Apomictic reproduction is the natural mode of reproduction in several economically important, seed-propagated, warm-season forage grasses, including several species of Brachiaria. Inheritance of reproductive mode in the most important of these grasses is simple and readily manageable in a plant breeding program. We have shown that recurrent, intrapopulation selection in a synthetic, fully sexual brachiariagrass population is effective. Selection on spittlebug resistance has produced very high levels of resistance to multiple species.
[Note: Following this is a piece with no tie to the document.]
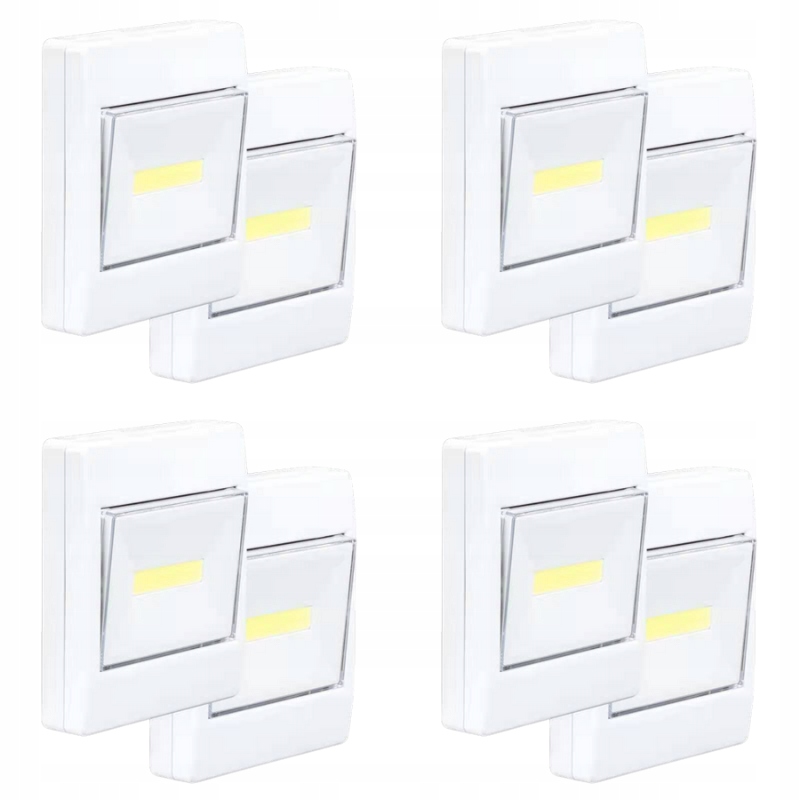 

8X Lampka Nocna Led Magnes Klej Włącz Światło Dom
Recent, unpublished data suggest that resistance can be recovered in hybrid populations produced by crossing resistant sexual clones with agronomically superior apomicts, even when the apomictic male parent is susceptible to spittlebugs.
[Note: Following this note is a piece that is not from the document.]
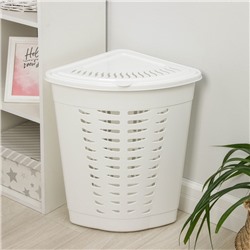 УЦЕНКА Корзина для белья с крышкой 45 л 38×38×56 см угловая, цвет белый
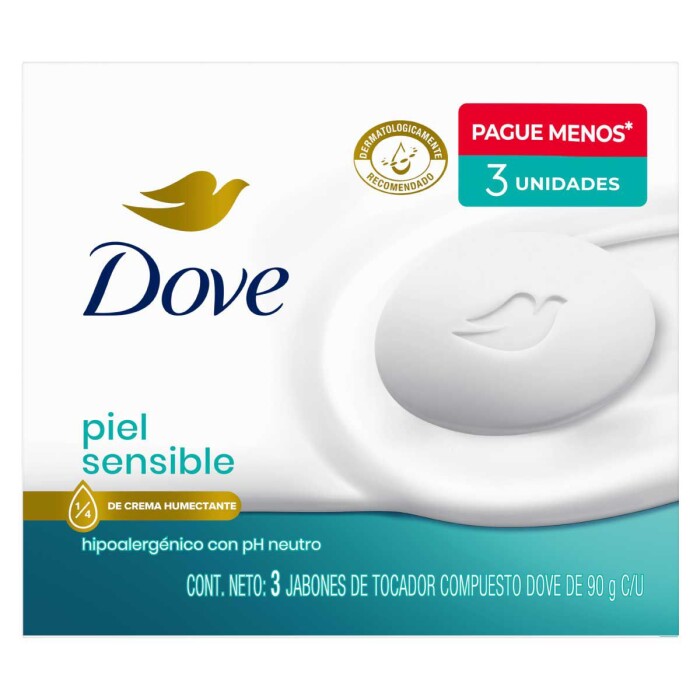 DOVE JABON PIEL SENSIBLE X 3 UNID única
Current breeding programs and nearly all previous proposals for breeding schemes for apomicts, although highlighting the fact that apomictic reproduction will perpetuate heterozygous genotypes, fail to include a means to exploit heterosis.

RS-SCA would appear to be appropriate to breeding apomicts where several conditions occur. While in theory RS-SCA is never superior and may be inferior to RRS, RRS will be logistically impractical until a very simple, high throughput screening methodology exists (e.g., a reliable, linked molecular marker) to discriminate between apomictic and sexual segregants in hybrid populations, or until a means is found to induce (or suppress) apomixis exogenously.
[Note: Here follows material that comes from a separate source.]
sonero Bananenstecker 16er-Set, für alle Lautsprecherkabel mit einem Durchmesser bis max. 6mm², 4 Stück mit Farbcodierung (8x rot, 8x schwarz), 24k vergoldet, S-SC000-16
Given the ease of propagating heterozygous genotypes, and hence exploiting heterosis in vegetatively propagated crops, it is curious that (aside from tree breeding) essentially no attention seems to have been given to reciprocal recurrent selection in the common vegetatively propagated field crops such as potato and cassava. A simple scheme to set up the initial base populations for RRS is proposed.

Received for publication April 9, 2007.